In relation to judicial review there is a very specific concern about regulation 53(b) of the draft Civil Legal Services (Merits Criteria) Regulations (these regulations will replace the current LSC Funding Code and were laid before Parliament on 29 October). Regulation 53(b) provides that legal aid will not be granted unless “the individual has exhausted all administrative appeals and other alternative procedures before bringing a public law claim.” This contrasts with the equivalent current wording which is to the effect that the individual must exhaust all reasonable alternatives to JR before funding is granted. Clearly in some cases JR is the only practical remedy and it will not be possible to exhaust all remedies. Legal aid should certainly be provided in these instances.

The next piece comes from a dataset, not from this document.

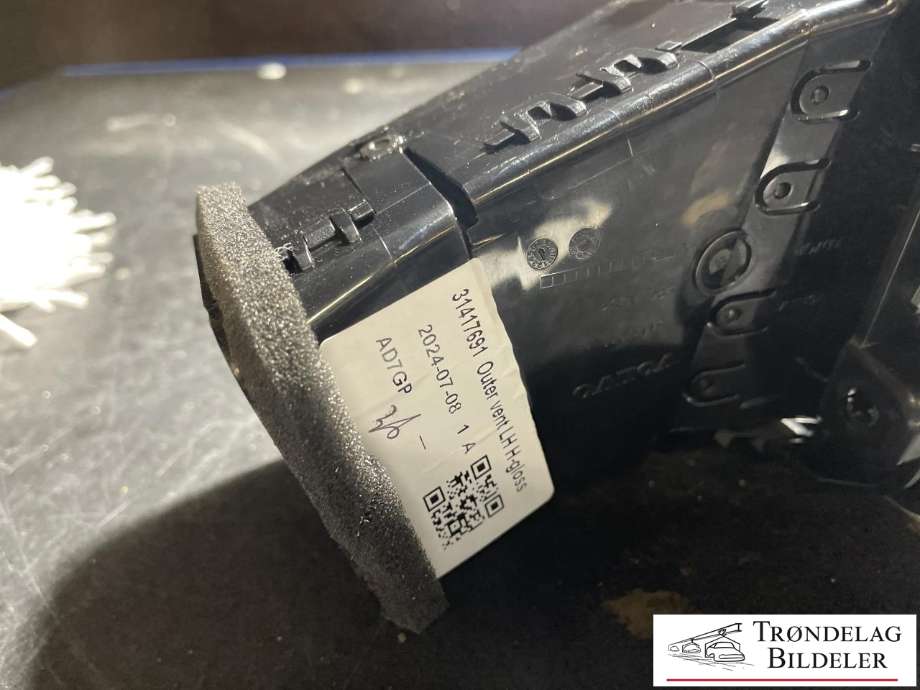 Dashbord friskluftdyse venstre til Volvo XC60 2017-->> (Type II)  (31417691|)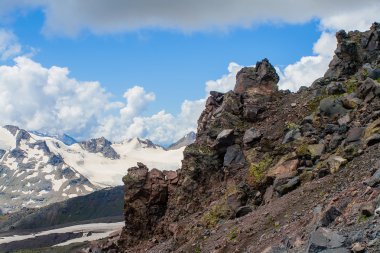 karla kaplı dağ manzaralı panoramik fotoğraf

Members will remember that during LASPO's passage through Parliament Ken Clarke (Secretary of State at the time) confirmed that legal aid would remain available for appeals in the first-tier tribunal that raised "points of law". The regulations as currently drafted do not reflect that assurance. It now appears that legal aid will only be available when the first tier tribunal:
(a) Quashes its own decision on the basis that it has made an error of law or
(b) Invites representations regarding the legality of its decision from a person before deciding whether it has made an error of law.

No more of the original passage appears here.